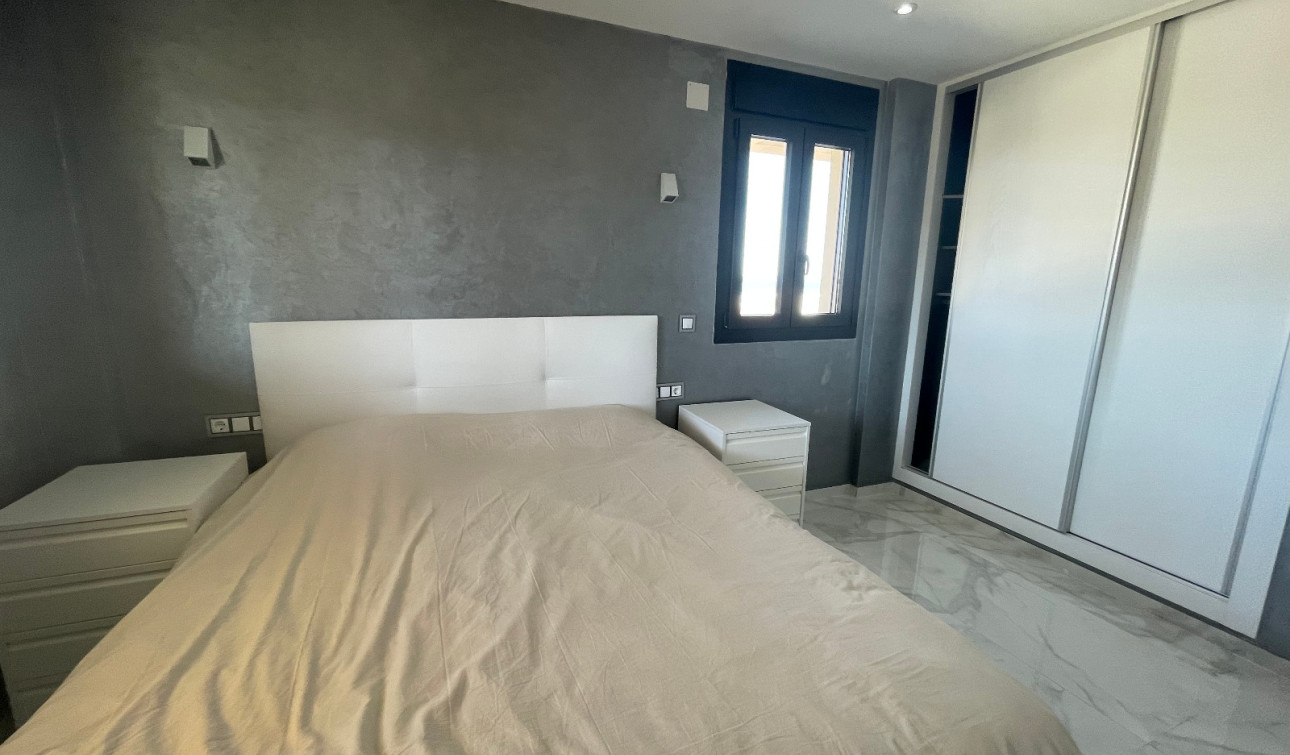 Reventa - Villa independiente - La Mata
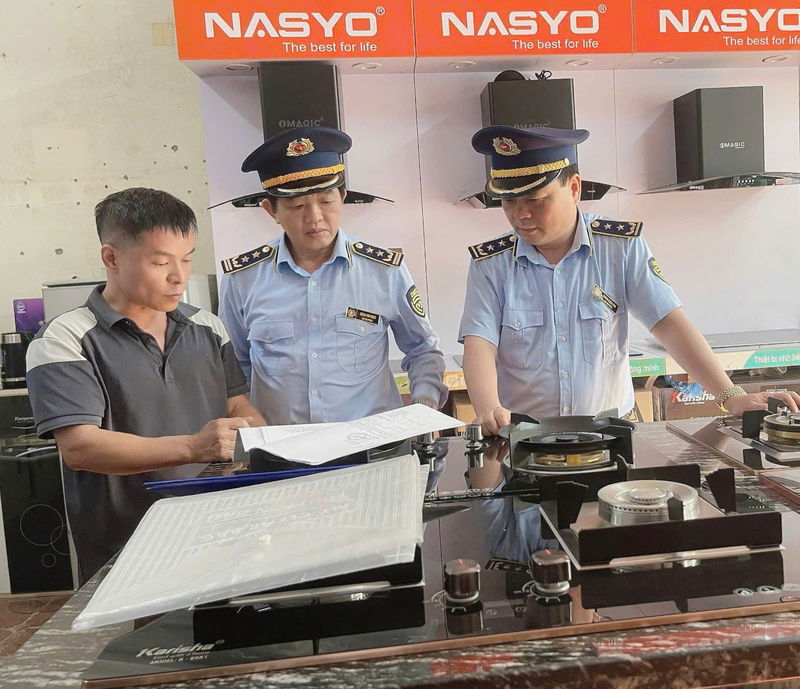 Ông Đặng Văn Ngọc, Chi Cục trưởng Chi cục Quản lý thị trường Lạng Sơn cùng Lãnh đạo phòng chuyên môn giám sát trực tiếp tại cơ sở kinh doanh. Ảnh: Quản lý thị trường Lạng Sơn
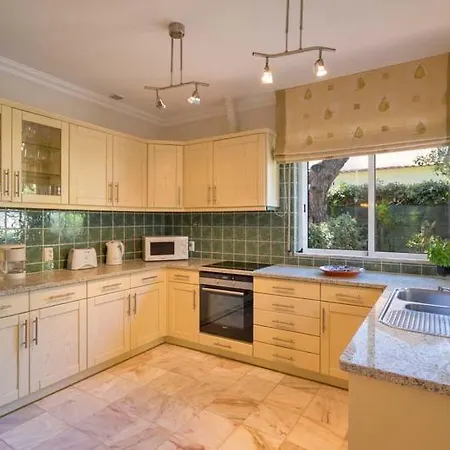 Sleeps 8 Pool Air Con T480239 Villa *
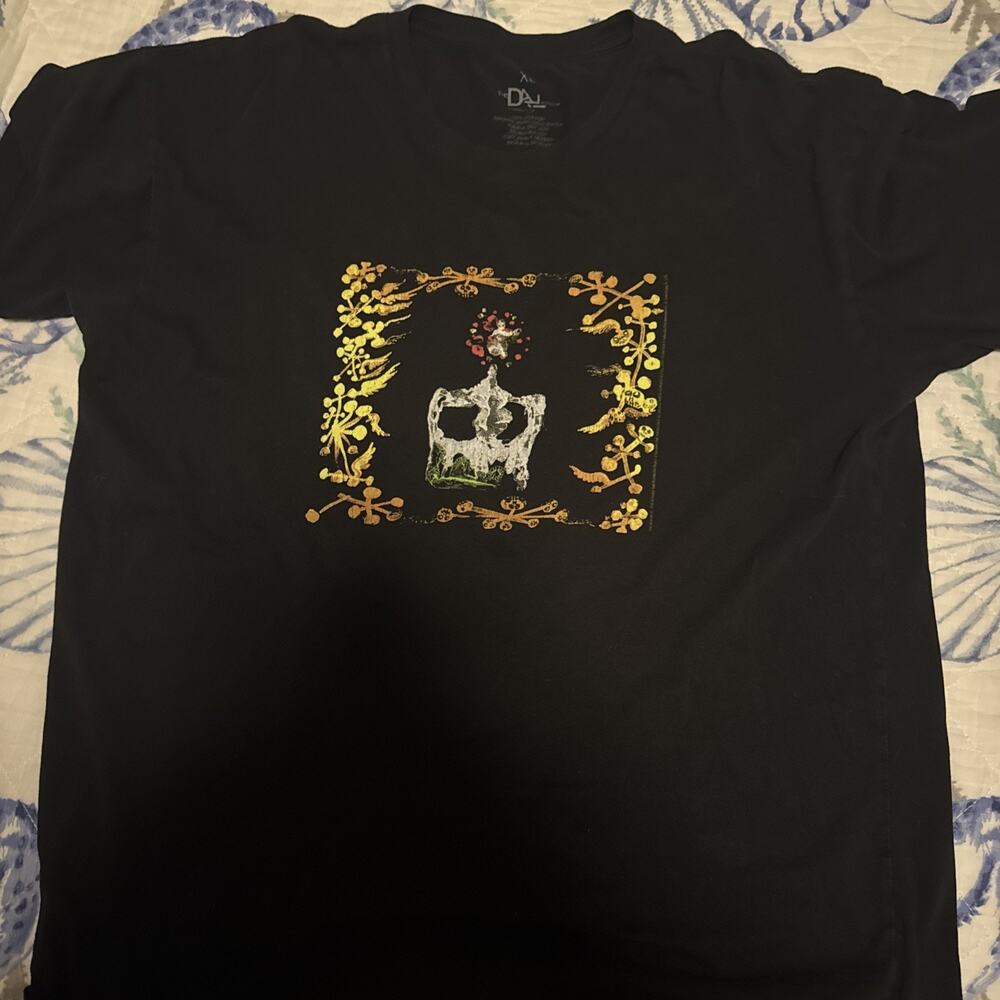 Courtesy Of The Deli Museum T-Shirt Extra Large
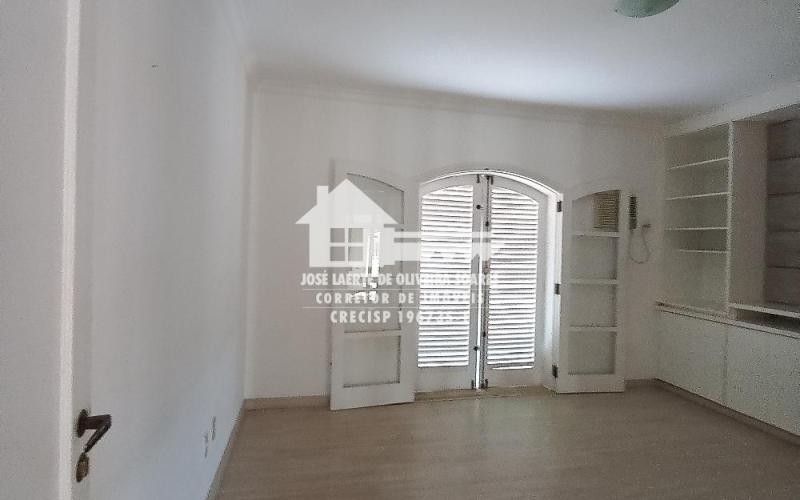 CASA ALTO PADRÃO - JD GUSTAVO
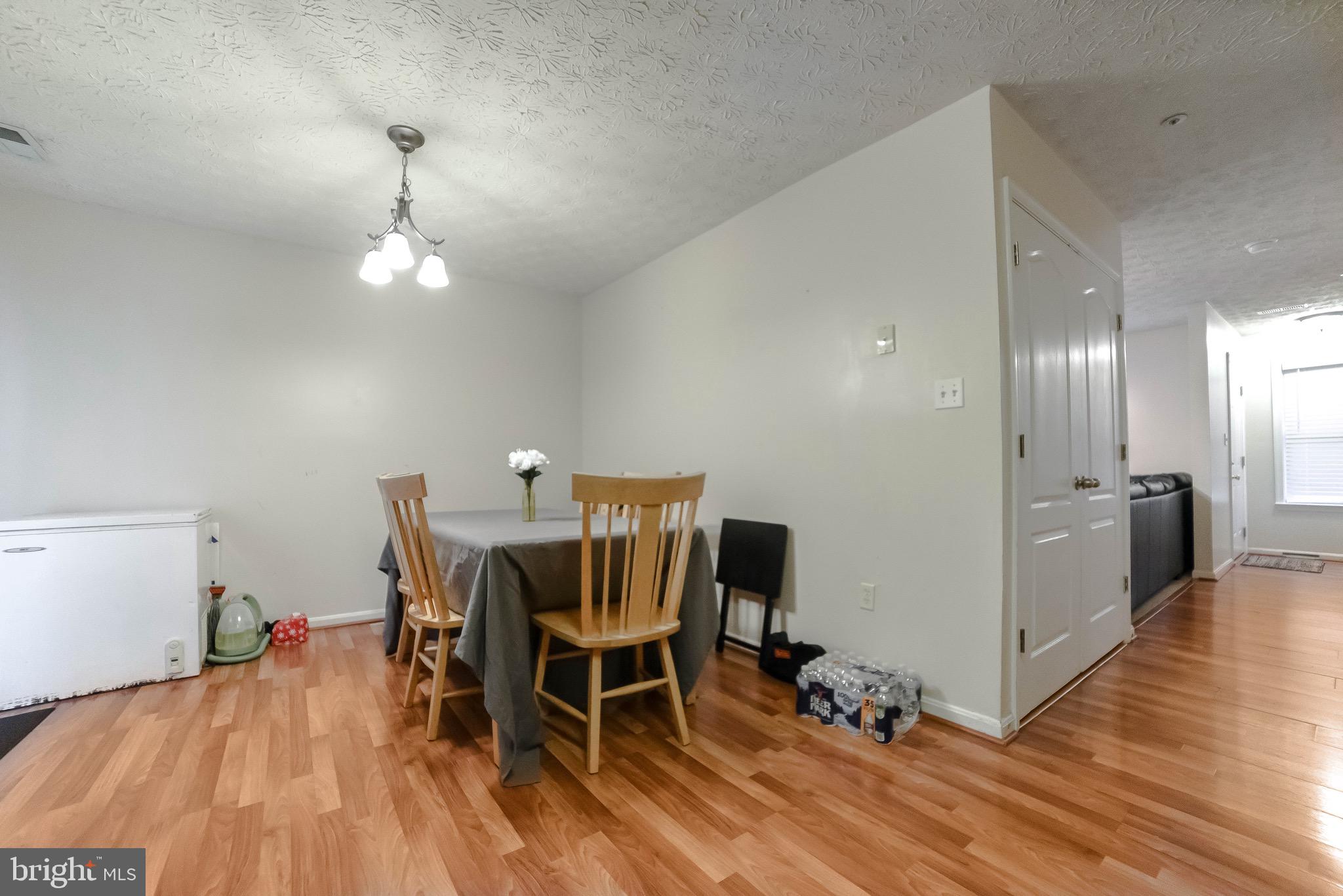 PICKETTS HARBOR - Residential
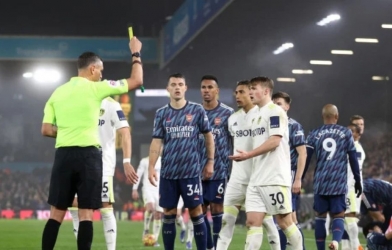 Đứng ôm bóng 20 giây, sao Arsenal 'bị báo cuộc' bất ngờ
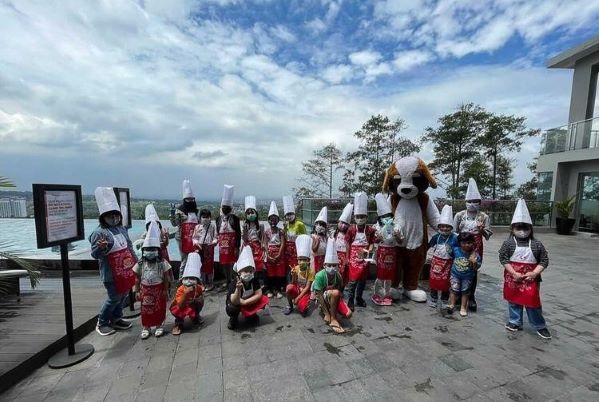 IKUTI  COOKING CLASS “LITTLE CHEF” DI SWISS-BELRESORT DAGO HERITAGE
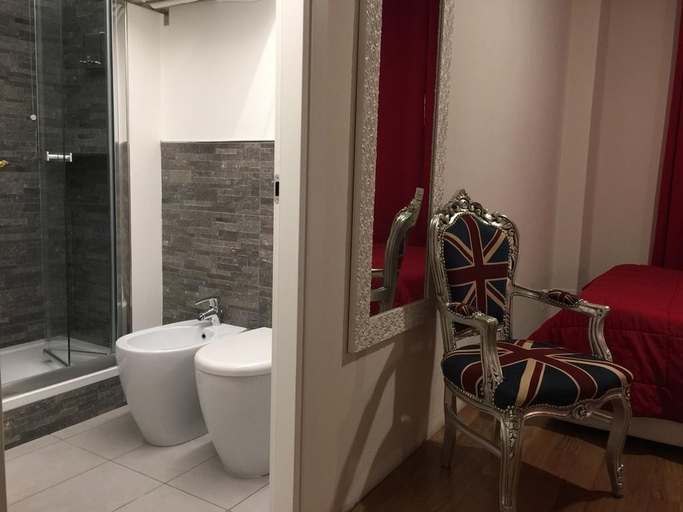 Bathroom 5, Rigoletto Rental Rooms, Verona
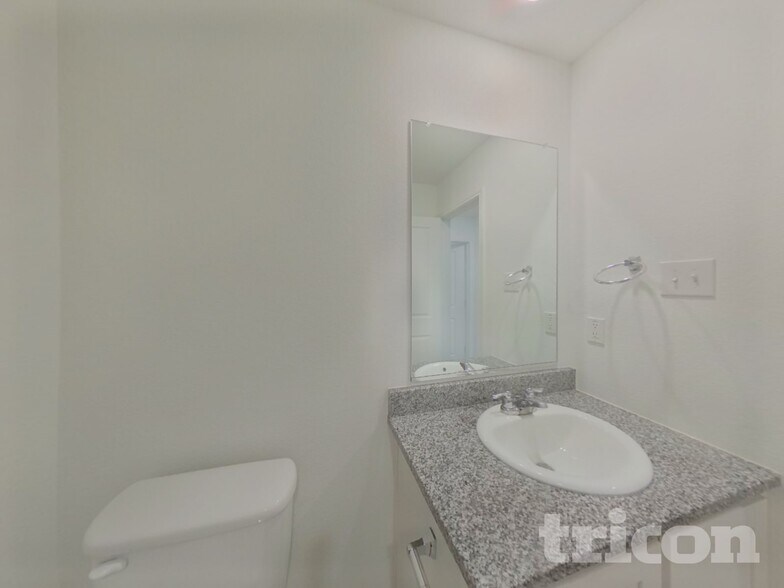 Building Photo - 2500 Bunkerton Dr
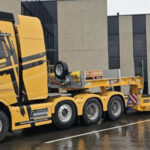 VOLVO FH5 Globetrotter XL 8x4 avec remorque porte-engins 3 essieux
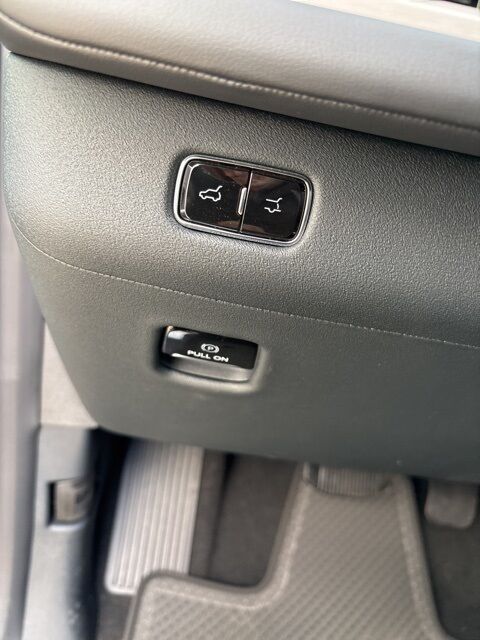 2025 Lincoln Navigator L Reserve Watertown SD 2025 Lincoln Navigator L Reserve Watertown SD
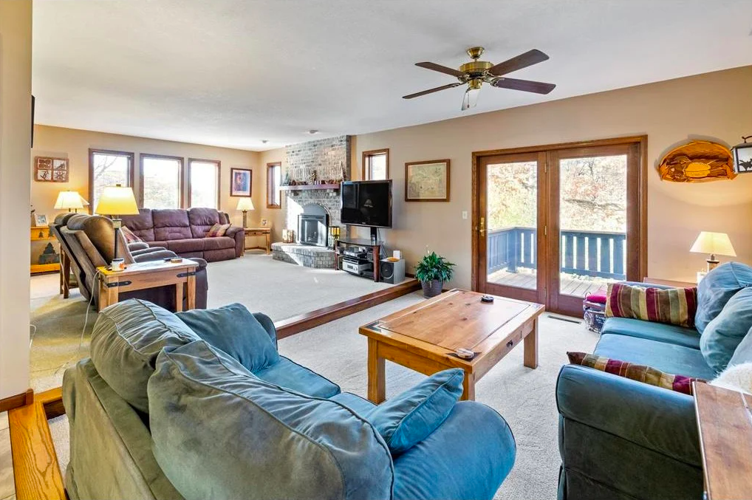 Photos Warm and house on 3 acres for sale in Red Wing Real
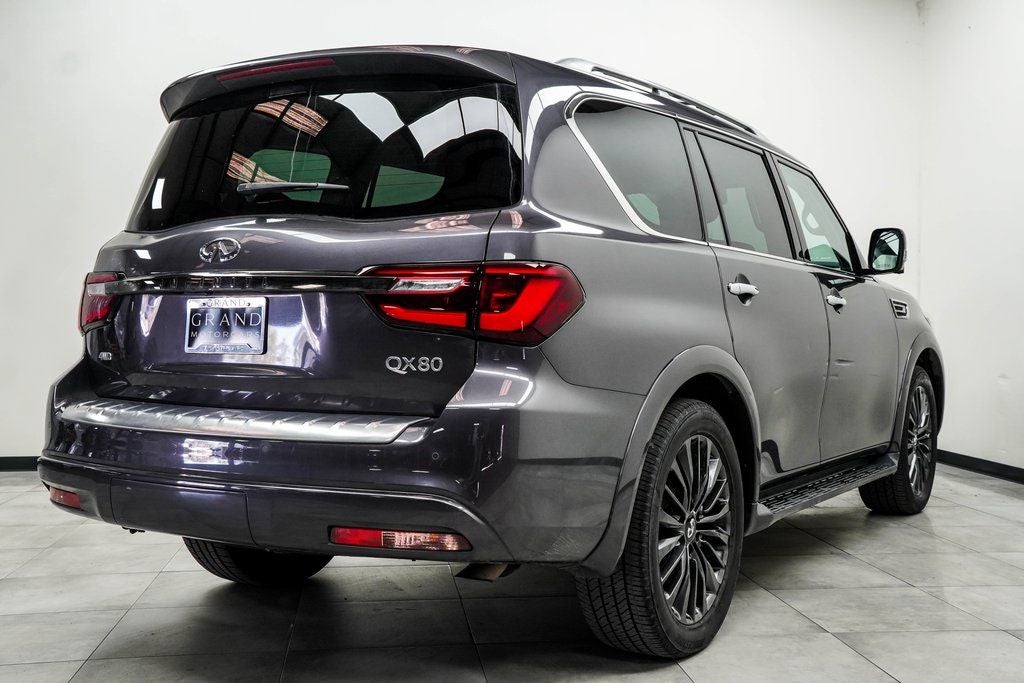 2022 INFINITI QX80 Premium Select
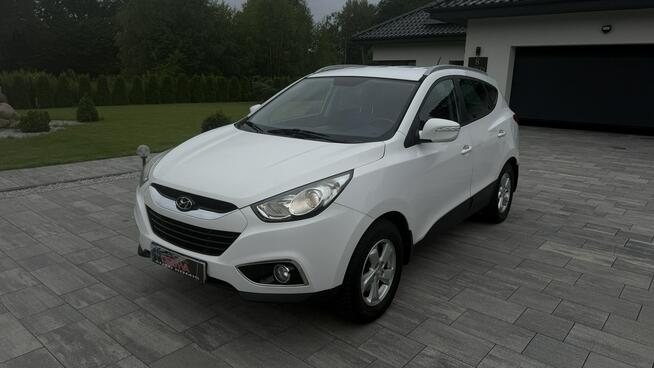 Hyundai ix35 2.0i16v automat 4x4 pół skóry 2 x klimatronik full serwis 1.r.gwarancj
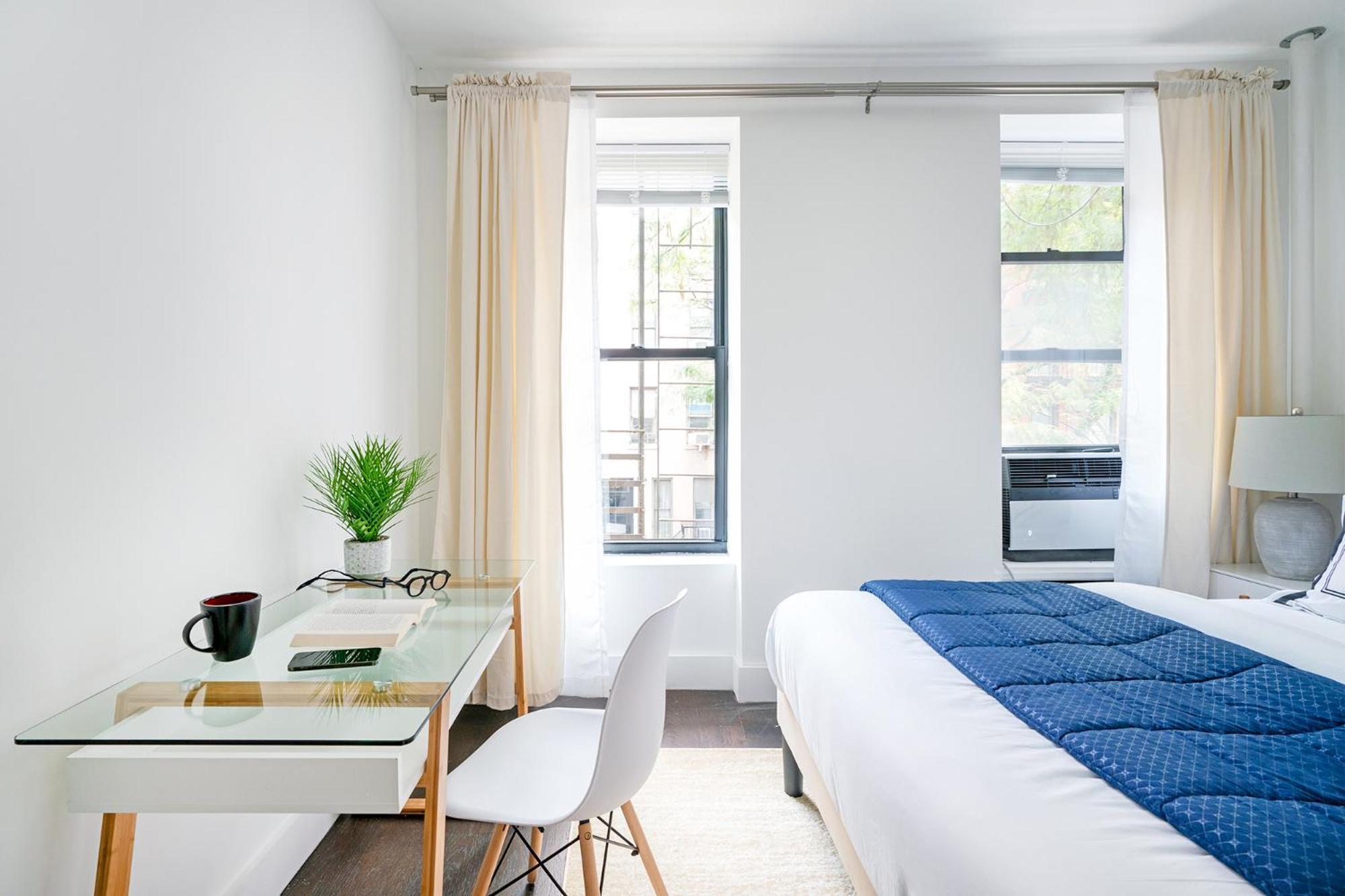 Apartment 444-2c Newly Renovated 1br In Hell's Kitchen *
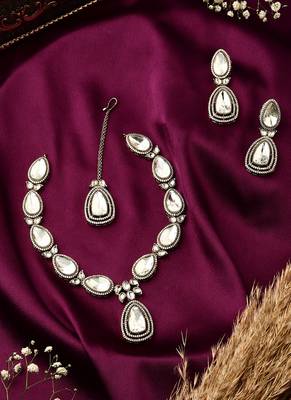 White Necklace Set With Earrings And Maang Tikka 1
--
* _THE PROBLEM_
Repeat word for word, leaving out the pictures, each line of the records from the line that holds "Sleeps 8 Pool Air Con T480239 Villa *" through the final one.

* _TASK OUTPUT_
 Sleeps 8 Pool Air Con T480239 Villa *
 Courtesy Of The Deli Museum T-Shirt Extra Large
 CASA ALTO PADRÃO - JD GUSTAVO
 PICKETTS HARBOR - Residential
 Đứng ôm bóng 20 giây, sao Arsenal 'bị báo cuộc' bất ngờ
 IKUTI  COOKING CLASS “LITTLE CHEF” DI SWISS-BELRESORT DAGO HERITAGE
 Bathroom 5, Rigoletto Rental Rooms, Verona
 Building Photo - 2500 Bunkerton Dr
 VOLVO FH5 Globetrotter XL 8x4 avec remorque porte-engins 3 essieux
 2025 Lincoln Navigator L Reserve Watertown SD 2025 Lincoln Navigator L Reserve Watertown SD
 Photos Warm and house on 3 acres for sale in Red Wing Real
 2022 INFINITI QX80 Premium Select
 Hyundai ix35 2.0i16v automat 4x4 pół skóry 2 x klimatronik full serwis 1.r.gwarancj
 Apartment 444-2c Newly Renovated 1br In Hell's Kitchen *
 White Necklace Set With Earrings And Maang Tikka 1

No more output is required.